▶ _Records to process_:
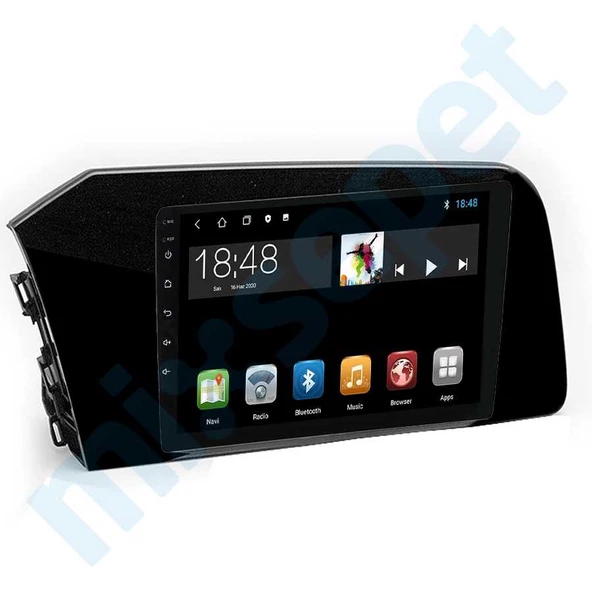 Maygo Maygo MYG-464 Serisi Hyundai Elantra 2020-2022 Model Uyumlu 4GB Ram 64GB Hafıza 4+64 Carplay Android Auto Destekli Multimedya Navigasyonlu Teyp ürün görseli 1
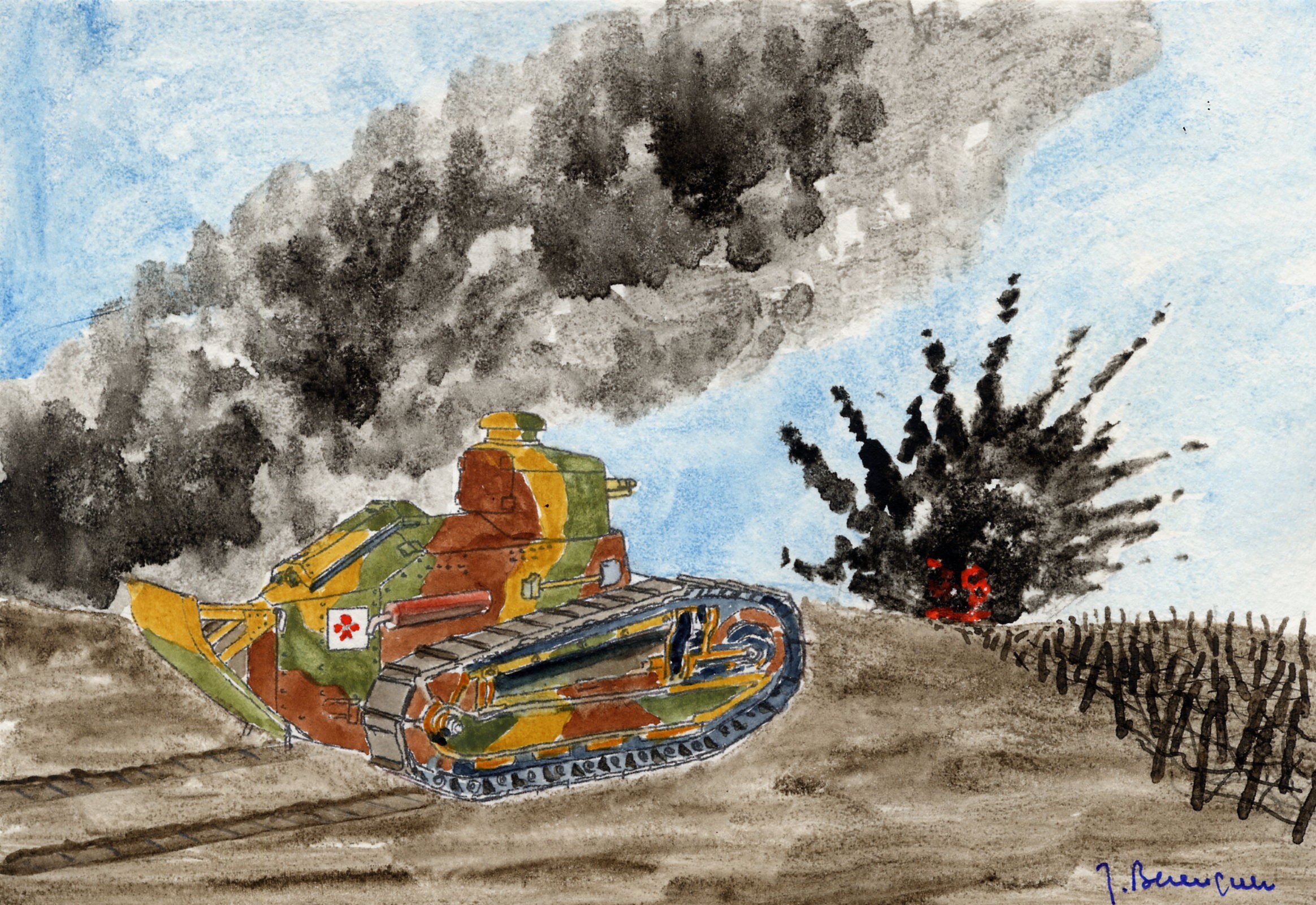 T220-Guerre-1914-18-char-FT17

==

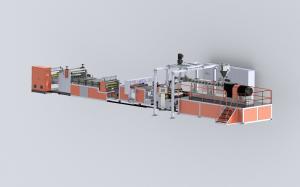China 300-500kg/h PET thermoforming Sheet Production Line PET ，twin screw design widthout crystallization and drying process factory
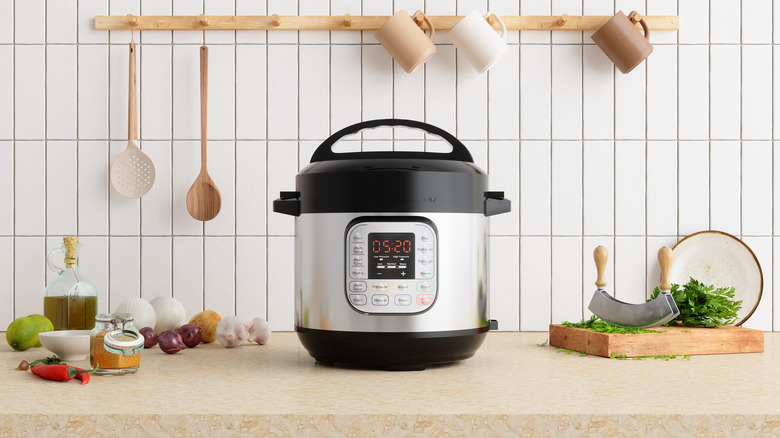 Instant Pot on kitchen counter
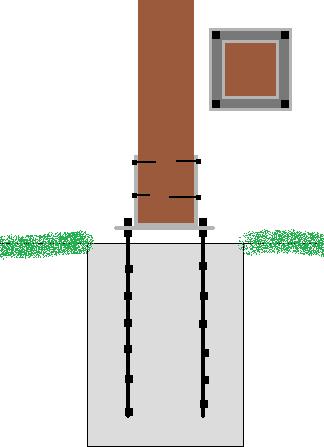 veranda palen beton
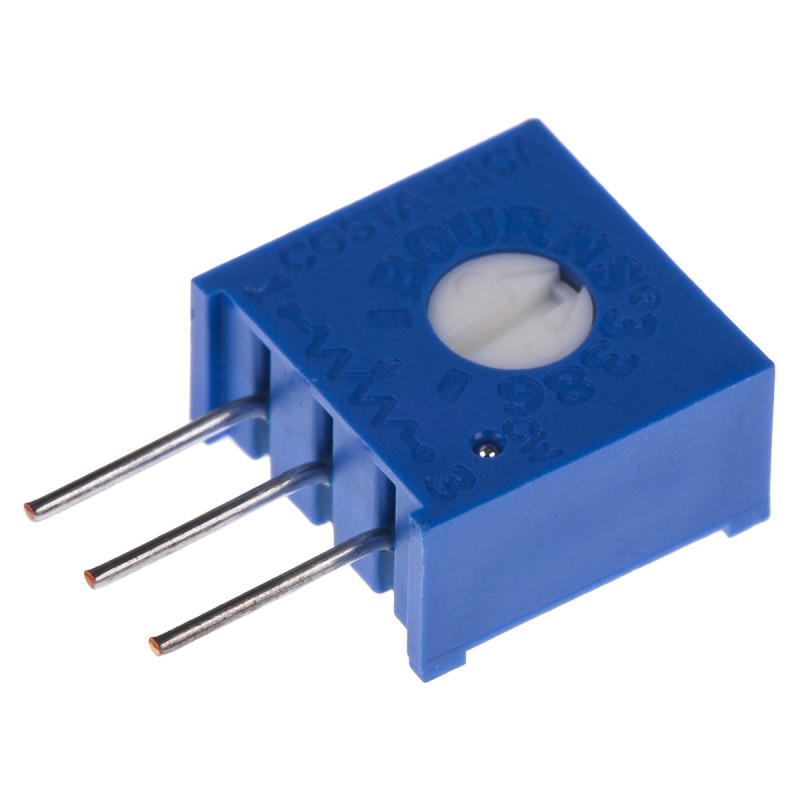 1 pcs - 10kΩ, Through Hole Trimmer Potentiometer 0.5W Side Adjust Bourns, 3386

▶ _Try it_: Take the material above and output only the lines from the one that contains "Maygo Maygo MYG-464" through the one that contains "T220-Guerre-1914-18-char-FT17", ends included and images left out.

▶ _Output for this task_:
 Maygo Maygo MYG-464 Serisi Hyundai Elantra 2020-2022 Model Uyumlu 4GB Ram 64GB Hafıza 4+64 Carplay Android Auto Destekli Multimedya Navigasyonlu Teyp ürün görseli 1
 T220-Guerre-1914-18-char-FT17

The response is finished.